There are certainly no statistics for the number of patient complaints. There is only the data on the number of medical malpractice cases per year from the Bureau of Health, and an approximate amount of compensation issued by insurance companies. In some cases, if complaints were solved just between the hospital and the complainant, we have no data. (Male, Administrators-2, 18-08-2011)
These days, the information regarding the management of patient complaints in hospitals is difficult to access. Hospitals are unwilling to provide that sort of information – it is considered confidential. We only have some profiles or the information from select hospitals. (Female, Policy makers-1, 16-12-2010)
Thus, the adoption of the incentive and sanction mechanism was contradictory for managing patient complaints. From one side, the administrative department wanted hospitals to report patient complaints because it is important for informing and improving the quality of care. From the other side, the more complaints that are registered, the worse it would appear a hospital is doing. In addition to this, managing patient complaints remains low on the health reform agenda. The force for inspecting complaint management in hospitals from senior management and administrative departments remains weak.
[Having a statistic for patient complaints] is definitely necessary from the aspect of effective management. If this statistic is disposable, I think nothing of it. If the statistic is routine, in fact, it will cost [all sorts of resources]. (Male, Policy makers-2, 22-12-2011)

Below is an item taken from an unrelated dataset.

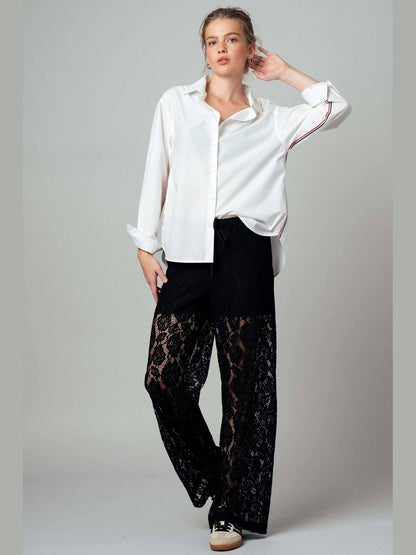 Striped Twill Tape Detail Statement Button Shirt: WHITE / S-2/M-2/L-2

Hospitals doubt that the purpose of administration is for information management – to help them better handle and solve disputes. However, if you want me to report incidents but meanwhile punish me for that, then I have no incentive to report anything. This contradiction stands [in the way of effective reporting]. (Female, Administrators-4, 30-11-2011)
Deficient information system for managing patient complaints: Although the regulations in place require collecting and analysing information, there exists no clear classification, definitions or unified coding system. Most hospitals have established their own systems for recording complaints and analysing cases, but no accurate or comparable data are available.
In fact a lot of cases should be recorded and analysed, [but] we do not even take into account so-called major cases of medical malpractice, mass disturbance or medical malpractice. We cannot distinguish between these concepts…Relatively speaking, it is more feasible to publicize the data on public security, e.g. the number of police records and people arrested, and the number of crimes committed. Those definitions are more explicit, whereas those concerning complaints management are not. Because all statistics are calculated in the hospital, we find that where standards are slack, the resulting statistic is large and where standards are strict, the statistic is small. Hence, there is great variability in our results. (Male, Policy makers-2, 22-12-2011)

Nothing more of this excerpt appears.